Traduzione di Paragrafo 81, Libro 4 di Tacito

Versione originale in latino


Per eos mensis quibus Vespasianus Alexandriae statos aestivis flatibus dies et certa maris opperiebatur, multa miracula evenere, quis caelestis favor et quaedam in Vespasianum inclinatio numinum ostenderetur. E plebe Alexandrina quidam oculorum tabe notus genua eius advolvitur, remedium caecitatis exposcens gemitu, monitu Serapidis dei, quem dedita superstitionibus gens ante alios colit; precabaturque principem ut genas et oculorum orbis dignaretur respergere oris excremento. Alius manum aeger eodem deo auctore ut pede ac vestigio Caesaris calcaretur orabat. Vespasianus primo inridere, aspernari; atque illis instantibus modo famam vanitatis metuere, modo obsecratione ipsorum et vocibus adulantium in spem induci: postremo aestimari a medicis iubet an talis caecitas ac debilitas ope humana superabiles forent. Medici varie disserere: huic non exesam vim luminis et redituram si pellerentur obstantia; illi elapsos in pravum artus, si salubris vis adhibeatur, posse integrari. Id fortasse cordi deis et divino ministerio principem electum; denique patrati remedii gloriam penes Caesarem, inriti ludibrium penes miseros fore. Igitur Vespasianus cuncta fortunae suae patere ratus nec quicquam ultra incredibile, laeto ipse vultu, erecta quae adstabat multitudine, iussa exequitur. Statim conversa ad usum manus, ac caeco reluxit dies. Utrumque qui interfuere nunc quoque memorant, postquam nullum mendacio pretium.

Traduzione all'italiano


Nei mesi in cui Vespasiano aspettava ad Alessandria il periodo dei venti estivi e la navigazione sicura, si verificarono molti prodigi, segno manifesto del favore celeste e della predilezione dei numi per lui.
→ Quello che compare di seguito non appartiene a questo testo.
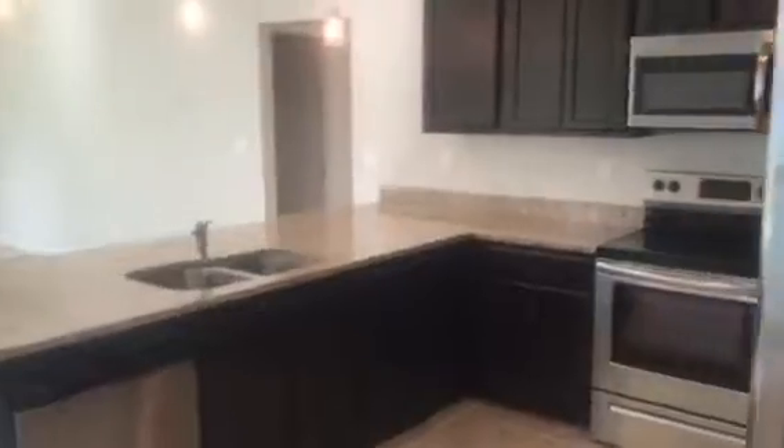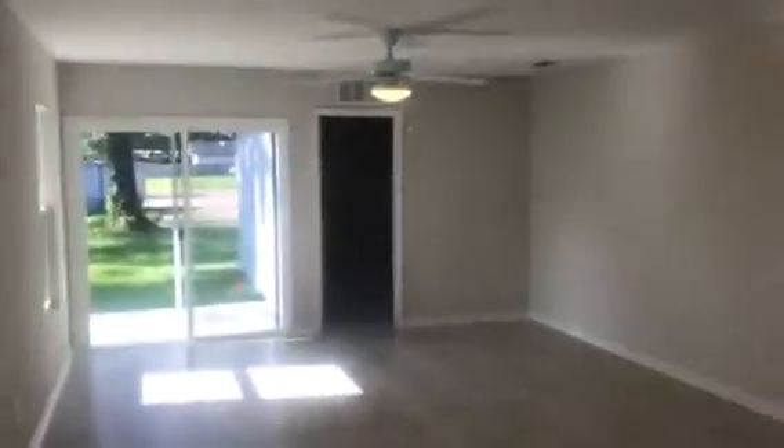This is the kitchen, which has granite tops and full stainless appliances. Dining area and the living room, with consistent style throughout the living areas.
Un popolano di Alessandria, noto per aver perso la vista in seguito a malattia, si butta ad abbracciargli le ginocchia implorando tra i singhiozzi un rimedio alla cecità: seguiva il consiglio del dio Serapide, venerato in modo speciale da quel popolo superstizioso, e pregava il principe che si degnasse di bagnargli con la saliva le guance e le palpebre. Un altro, storpio d’una mano, ispirato dallo stesso dio, pregava Cesare che gliela premesse con la pianta del piede. Vespasiano dapprima rise e li respinse ma, di fronte alla loro insistenza, temendo di passare per presuntuoso e d’altra parte indotto a sperare dalle loro suppliche e dalle sollecitazioni degli adulatori, finì per chiedere un consulto ai medici, per sapere se casi di cecità e deformità così gravi fossero guaribili con un intervento umano. I medici articolarono il loro giudizio: in uno la capacità di vedere non era distrutta e avrebbe ripreso, se si fosse eliminato ciò che costituiva ostacolo; l’arto deformato dell’altro era ripristinabile alle sue funzioni con una pressione salutare; forse gli dèi avevano a cuore queste guarigioni e avevano scelto il principe per tale ufficio divino; e, dopo tutto, la guarigione avrebbe procurato gloria a Cesare e il ridicolo dell’insuccesso sarebbe ricaduto sui due infermi. A questo punto Vespasiano, pensando che tutte le strade si aprivano alla sua fortuna e che da lui ci si aspettava anche l’incredibile, esegue, davanti a una folla attentissima, con volto sereno, i gesti prescritti. Subito la mano tornò alle sue funzioni e il cieco rivide la luce. Persone che assistettero ai due prodigi li ricordano ancora oggi, quando non ci sarebbe nessun vantaggio a mentire.